We implement technical and organisational measures aligned with the National Cybersecurity Authority (NCA) Essential Cybersecurity Controls and the PDPL Implementing Regulations, including:

• encryption of personal data in transit (TLS) and at rest;
• role-based access control, least-privilege, and multi-factor authentication for staff;
• regular security testing, vulnerability management, and patching;
• secure development practices, logging, and continuous monitoring;
• incident-response procedures, including notification to SDAIA and to affected individuals where required by law.

11. Cookies, Tracking, and Connected Devices

Our website, member portal, and mobile applications use cookies and similar technologies for essential functioning, analytics, and (with consent) advertising measurement. Connected gym equipment, kiosks, and access gates collect attendance and performance data tied to your membership. You can manage non-essential cookies through your browser settings and your account preferences.

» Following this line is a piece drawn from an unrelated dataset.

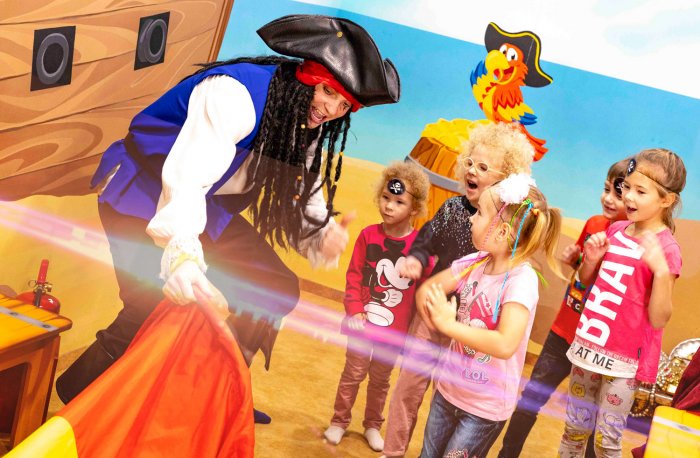 Выбираем тематику проведения – бал и приключения пиратов - для детей 3-5 лет в  "Весёлый остров"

12. CCTV and Premises Monitoring

Closed-circuit cameras operate in our facilities for safety and security purposes only, in compliance with Saudi regulations on visual monitoring. Cameras are not installed in changing rooms, prayer rooms, or any private area. Footage is retained for a limited period and accessed only by authorised personnel.

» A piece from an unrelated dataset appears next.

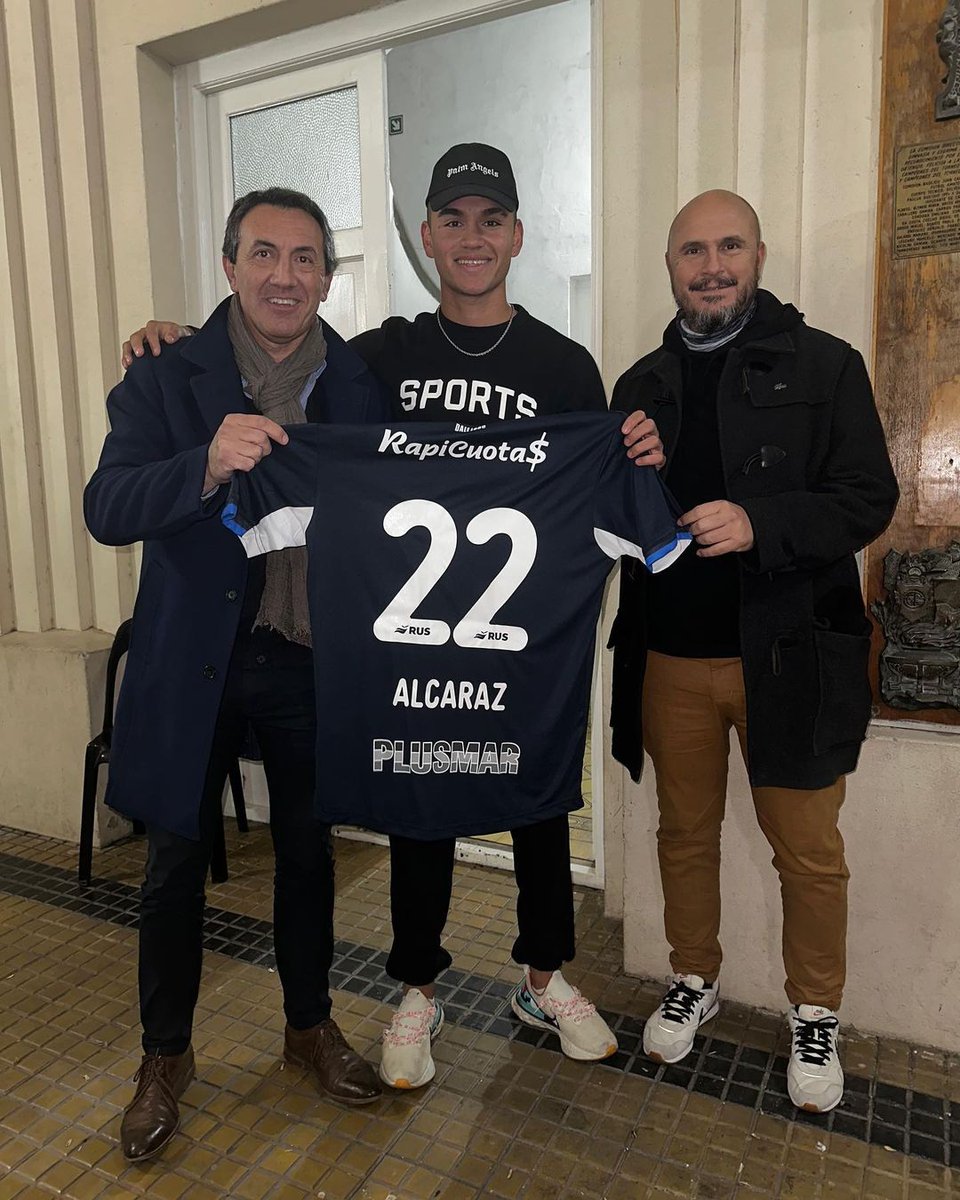 SC_ESPN's tweet photo. ¡Qué visita! Charly Alcaraz, jugador del Southampton y ex Racing, disfrutó anoche del triunfo del club de sus amores, Gimnasia, ante Huracán en el Bosque. https://t.co/JtLpqAVXYe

13. Updates to This Policy

We may update this Privacy Policy from time to time. We will publish the revised Policy at the same URL and, where the change is material, notify you in advance through the application or by email. Your continued use of the Services after the effective date of an update constitutes acceptance of the revised Policy.

14. Language

This Policy is published in Arabic and English. In the event of any conflict between the two language versions, the Arabic version shall prevail in accordance with the laws of the Kingdom of Saudi Arabia.

15. Contact Us

Questions, requests, or complaints regarding this Privacy Policy or the processing of your personal data should be addressed to our Data Protection Officer:

• Email: [email protected]
• General privacy enquiries: [email protected]
• Postal: 1Fit Gym, Jeddah, Kingdom of Saudi Arabia

If you are not satisfied with our response, you may lodge a complaint with the Saudi Data and Artificial Intelligence Authority (SDAIA) at sdaia.gov.sa.